**What is required**
A complete copy of the entries, exactly as written, is the expected result.

**Record set**
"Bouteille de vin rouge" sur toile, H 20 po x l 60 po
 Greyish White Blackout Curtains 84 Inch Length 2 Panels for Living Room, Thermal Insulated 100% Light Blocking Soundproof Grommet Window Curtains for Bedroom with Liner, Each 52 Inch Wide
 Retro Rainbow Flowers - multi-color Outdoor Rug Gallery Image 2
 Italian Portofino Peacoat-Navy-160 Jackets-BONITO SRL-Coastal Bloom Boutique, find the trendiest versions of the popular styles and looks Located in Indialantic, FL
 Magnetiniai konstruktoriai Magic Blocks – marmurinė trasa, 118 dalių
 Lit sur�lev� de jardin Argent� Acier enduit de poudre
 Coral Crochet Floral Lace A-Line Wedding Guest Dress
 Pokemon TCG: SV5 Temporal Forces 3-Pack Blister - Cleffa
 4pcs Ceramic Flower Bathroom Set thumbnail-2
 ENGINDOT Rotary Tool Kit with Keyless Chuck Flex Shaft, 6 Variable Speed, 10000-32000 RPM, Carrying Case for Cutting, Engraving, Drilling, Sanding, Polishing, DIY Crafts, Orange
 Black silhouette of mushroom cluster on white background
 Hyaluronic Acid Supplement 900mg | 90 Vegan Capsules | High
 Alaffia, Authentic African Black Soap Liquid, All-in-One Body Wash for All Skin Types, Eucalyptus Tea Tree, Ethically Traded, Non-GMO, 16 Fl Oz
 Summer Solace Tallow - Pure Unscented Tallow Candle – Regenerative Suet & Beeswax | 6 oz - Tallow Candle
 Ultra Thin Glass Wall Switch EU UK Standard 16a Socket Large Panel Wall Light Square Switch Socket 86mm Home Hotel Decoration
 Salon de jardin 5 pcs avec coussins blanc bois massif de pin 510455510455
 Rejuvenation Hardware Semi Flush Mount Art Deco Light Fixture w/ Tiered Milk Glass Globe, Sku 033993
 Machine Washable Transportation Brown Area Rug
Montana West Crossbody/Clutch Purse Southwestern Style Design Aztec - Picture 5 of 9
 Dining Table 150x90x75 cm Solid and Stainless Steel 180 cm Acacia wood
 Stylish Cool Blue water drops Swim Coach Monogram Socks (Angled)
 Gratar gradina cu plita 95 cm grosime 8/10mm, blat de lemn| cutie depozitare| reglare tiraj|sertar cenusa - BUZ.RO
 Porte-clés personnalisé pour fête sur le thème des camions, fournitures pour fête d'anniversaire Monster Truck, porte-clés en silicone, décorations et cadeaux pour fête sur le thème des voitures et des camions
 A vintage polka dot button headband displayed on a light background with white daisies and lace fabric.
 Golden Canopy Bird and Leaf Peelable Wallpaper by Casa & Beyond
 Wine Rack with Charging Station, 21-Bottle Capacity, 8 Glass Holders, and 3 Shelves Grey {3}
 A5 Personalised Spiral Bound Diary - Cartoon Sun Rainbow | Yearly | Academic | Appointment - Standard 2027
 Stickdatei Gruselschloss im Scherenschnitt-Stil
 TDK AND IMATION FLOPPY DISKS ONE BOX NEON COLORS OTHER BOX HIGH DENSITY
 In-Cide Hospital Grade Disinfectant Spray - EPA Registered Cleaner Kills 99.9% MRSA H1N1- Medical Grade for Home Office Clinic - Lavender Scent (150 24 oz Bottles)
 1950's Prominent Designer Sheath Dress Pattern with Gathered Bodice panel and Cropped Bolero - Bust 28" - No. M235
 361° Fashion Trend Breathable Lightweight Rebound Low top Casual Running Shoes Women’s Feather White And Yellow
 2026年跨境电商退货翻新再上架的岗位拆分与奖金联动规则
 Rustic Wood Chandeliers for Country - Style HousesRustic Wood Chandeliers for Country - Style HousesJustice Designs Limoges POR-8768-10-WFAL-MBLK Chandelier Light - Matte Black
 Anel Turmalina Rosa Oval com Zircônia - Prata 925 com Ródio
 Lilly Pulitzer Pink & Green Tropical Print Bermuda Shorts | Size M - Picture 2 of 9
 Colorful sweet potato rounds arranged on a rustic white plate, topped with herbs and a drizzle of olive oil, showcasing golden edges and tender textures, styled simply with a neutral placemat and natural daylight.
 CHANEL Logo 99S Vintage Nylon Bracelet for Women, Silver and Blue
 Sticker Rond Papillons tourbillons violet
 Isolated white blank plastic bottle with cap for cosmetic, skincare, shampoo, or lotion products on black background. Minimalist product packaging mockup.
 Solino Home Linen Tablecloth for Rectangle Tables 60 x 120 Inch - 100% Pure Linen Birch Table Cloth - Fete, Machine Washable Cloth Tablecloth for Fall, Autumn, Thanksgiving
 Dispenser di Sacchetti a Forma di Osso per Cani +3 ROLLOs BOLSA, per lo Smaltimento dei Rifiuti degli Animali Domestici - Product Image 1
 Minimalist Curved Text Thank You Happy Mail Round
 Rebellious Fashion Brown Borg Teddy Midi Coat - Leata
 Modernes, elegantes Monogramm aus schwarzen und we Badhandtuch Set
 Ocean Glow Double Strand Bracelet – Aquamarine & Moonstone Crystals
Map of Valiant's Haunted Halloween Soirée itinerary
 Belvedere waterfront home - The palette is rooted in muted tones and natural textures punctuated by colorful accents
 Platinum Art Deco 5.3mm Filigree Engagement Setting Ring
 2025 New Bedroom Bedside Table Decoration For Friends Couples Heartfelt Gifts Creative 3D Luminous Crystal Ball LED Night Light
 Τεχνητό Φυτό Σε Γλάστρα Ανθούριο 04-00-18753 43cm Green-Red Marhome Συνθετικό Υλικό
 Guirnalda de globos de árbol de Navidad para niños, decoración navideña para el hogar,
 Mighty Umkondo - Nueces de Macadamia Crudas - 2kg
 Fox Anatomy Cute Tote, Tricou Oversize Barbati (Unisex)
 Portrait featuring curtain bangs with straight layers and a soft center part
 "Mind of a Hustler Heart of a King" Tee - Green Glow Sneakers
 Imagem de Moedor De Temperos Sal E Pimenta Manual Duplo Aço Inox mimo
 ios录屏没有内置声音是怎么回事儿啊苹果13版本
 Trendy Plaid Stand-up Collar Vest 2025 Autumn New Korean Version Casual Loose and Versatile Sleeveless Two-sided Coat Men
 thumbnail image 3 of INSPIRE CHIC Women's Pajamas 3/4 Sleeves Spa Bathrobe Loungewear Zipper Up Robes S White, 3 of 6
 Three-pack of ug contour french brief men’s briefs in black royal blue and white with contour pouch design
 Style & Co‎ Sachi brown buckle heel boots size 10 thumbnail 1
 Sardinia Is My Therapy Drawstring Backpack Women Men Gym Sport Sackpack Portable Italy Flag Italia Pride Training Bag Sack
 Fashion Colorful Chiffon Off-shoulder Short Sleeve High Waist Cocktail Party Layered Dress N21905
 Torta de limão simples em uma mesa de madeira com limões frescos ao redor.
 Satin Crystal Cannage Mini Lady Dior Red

**Answer**
"Bouteille de vin rouge" sur toile, H 20 po x l 60 po
 Greyish White Blackout Curtains 84 Inch Length 2 Panels for Living Room, Thermal Insulated 100% Light Blocking Soundproof Grommet Window Curtains for Bedroom with Liner, Each 52 Inch Wide
 Retro Rainbow Flowers - multi-color Outdoor Rug Gallery Image 2
 Italian Portofino Peacoat-Navy-160 Jackets-BONITO SRL-Coastal Bloom Boutique, find the trendiest versions of the popular styles and looks Located in Indialantic, FL
 Magnetiniai konstruktoriai Magic Blocks – marmurinė trasa, 118 dalių
 Lit sur�lev� de jardin Argent� Acier enduit de poudre
 Coral Crochet Floral Lace A-Line Wedding Guest Dress
 Pokemon TCG: SV5 Temporal Forces 3-Pack Blister - Cleffa
 4pcs Ceramic Flower Bathroom Set thumbnail-2
 ENGINDOT Rotary Tool Kit with Keyless Chuck Flex Shaft, 6 Variable Speed, 10000-32000 RPM, Carrying Case for Cutting, Engraving, Drilling, Sanding, Polishing, DIY Crafts, Orange
 Black silhouette of mushroom cluster on white background
 Hyaluronic Acid Supplement 900mg | 90 Vegan Capsules | High
 Alaffia, Authentic African Black Soap Liquid, All-in-One Body Wash for All Skin Types, Eucalyptus Tea Tree, Ethically Traded, Non-GMO, 16 Fl Oz
 Summer Solace Tallow - Pure Unscented Tallow Candle – Regenerative Suet & Beeswax | 6 oz - Tallow Candle
 Ultra Thin Glass Wall Switch EU UK Standard 16a Socket Large Panel Wall Light Square Switch Socket 86mm Home Hotel Decoration
 Salon de jardin 5 pcs avec coussins blanc bois massif de pin 510455510455
 Rejuvenation Hardware Semi Flush Mount Art Deco Light Fixture w/ Tiered Milk Glass Globe, Sku 033993
 Machine Washable Transportation Brown Area Rug
Montana West Crossbody/Clutch Purse Southwestern Style Design Aztec - Picture 5 of 9
 Dining Table 150x90x75 cm Solid and Stainless Steel 180 cm Acacia wood
 Stylish Cool Blue water drops Swim Coach Monogram Socks (Angled)
 Gratar gradina cu plita 95 cm grosime 8/10mm, blat de lemn| cutie depozitare| reglare tiraj|sertar cenusa - BUZ.RO
 Porte-clés personnalisé pour fête sur le thème des camions, fournitures pour fête d'anniversaire Monster Truck, porte-clés en silicone, décorations et cadeaux pour fête sur le thème des voitures et des camions
 A vintage polka dot button headband displayed on a light background with white daisies and lace fabric.
 Golden Canopy Bird and Leaf Peelable Wallpaper by Casa & Beyond
 Wine Rack with Charging Station, 21-Bottle Capacity, 8 Glass Holders, and 3 Shelves Grey {3}
 A5 Personalised Spiral Bound Diary - Cartoon Sun Rainbow | Yearly | Academic | Appointment - Standard 2027
 Stickdatei Gruselschloss im Scherenschnitt-Stil
 TDK AND IMATION FLOPPY DISKS ONE BOX NEON COLORS OTHER BOX HIGH DENSITY
 In-Cide Hospital Grade Disinfectant Spray - EPA Registered Cleaner Kills 99.9% MRSA H1N1- Medical Grade for Home Office Clinic - Lavender Scent (150 24 oz Bottles)
 1950's Prominent Designer Sheath Dress Pattern with Gathered Bodice panel and Cropped Bolero - Bust 28" - No. M235
 361° Fashion Trend Breathable Lightweight Rebound Low top Casual Running Shoes Women’s Feather White And Yellow
 2026年跨境电商退货翻新再上架的岗位拆分与奖金联动规则
 Rustic Wood Chandeliers for Country - Style HousesRustic Wood Chandeliers for Country - Style HousesJustice Designs Limoges POR-8768-10-WFAL-MBLK Chandelier Light - Matte Black
 Anel Turmalina Rosa Oval com Zircônia - Prata 925 com Ródio
 Lilly Pulitzer Pink & Green Tropical Print Bermuda Shorts | Size M - Picture 2 of 9
 Colorful sweet potato rounds arranged on a rustic white plate, topped with herbs and a drizzle of olive oil, showcasing golden edges and tender textures, styled simply with a neutral placemat and natural daylight.
 CHANEL Logo 99S Vintage Nylon Bracelet for Women, Silver and Blue
 Sticker Rond Papillons tourbillons violet
 Isolated white blank plastic bottle with cap for cosmetic, skincare, shampoo, or lotion products on black background. Minimalist product packaging mockup.
 Solino Home Linen Tablecloth for Rectangle Tables 60 x 120 Inch - 100% Pure Linen Birch Table Cloth - Fete, Machine Washable Cloth Tablecloth for Fall, Autumn, Thanksgiving
 Dispenser di Sacchetti a Forma di Osso per Cani +3 ROLLOs BOLSA, per lo Smaltimento dei Rifiuti degli Animali Domestici - Product Image 1
 Minimalist Curved Text Thank You Happy Mail Round
 Rebellious Fashion Brown Borg Teddy Midi Coat - Leata
 Modernes, elegantes Monogramm aus schwarzen und we Badhandtuch Set
 Ocean Glow Double Strand Bracelet – Aquamarine & Moonstone Crystals
Map of Valiant's Haunted Halloween Soirée itinerary
 Belvedere waterfront home - The palette is rooted in muted tones and natural textures punctuated by colorful accents
 Platinum Art Deco 5.3mm Filigree Engagement Setting Ring
 2025 New Bedroom Bedside Table Decoration For Friends Couples Heartfelt Gifts Creative 3D Luminous Crystal Ball LED Night Light
 Τεχνητό Φυτό Σε Γλάστρα Ανθούριο 04-00-18753 43cm Green-Red Marhome Συνθετικό Υλικό
 Guirnalda de globos de árbol de Navidad para niños, decoración navideña para el hogar,
 Mighty Umkondo - Nueces de Macadamia Crudas - 2kg
 Fox Anatomy Cute Tote, Tricou Oversize Barbati (Unisex)
 Portrait featuring curtain bangs with straight layers and a soft center part
 "Mind of a Hustler Heart of a King" Tee - Green Glow Sneakers
 Imagem de Moedor De Temperos Sal E Pimenta Manual Duplo Aço Inox mimo
 ios录屏没有内置声音是怎么回事儿啊苹果13版本
 Trendy Plaid Stand-up Collar Vest 2025 Autumn New Korean Version Casual Loose and Versatile Sleeveless Two-sided Coat Men
 thumbnail image 3 of INSPIRE CHIC Women's Pajamas 3/4 Sleeves Spa Bathrobe Loungewear Zipper Up Robes S White, 3 of 6
 Three-pack of ug contour french brief men’s briefs in black royal blue and white with contour pouch design
 Style & Co‎ Sachi brown buckle heel boots size 10 thumbnail 1
 Sardinia Is My Therapy Drawstring Backpack Women Men Gym Sport Sackpack Portable Italy Flag Italia Pride Training Bag Sack
 Fashion Colorful Chiffon Off-shoulder Short Sleeve High Waist Cocktail Party Layered Dress N21905
 Torta de limão simples em uma mesa de madeira com limões frescos ao redor.
 Satin Crystal Cannage Mini Lady Dior Red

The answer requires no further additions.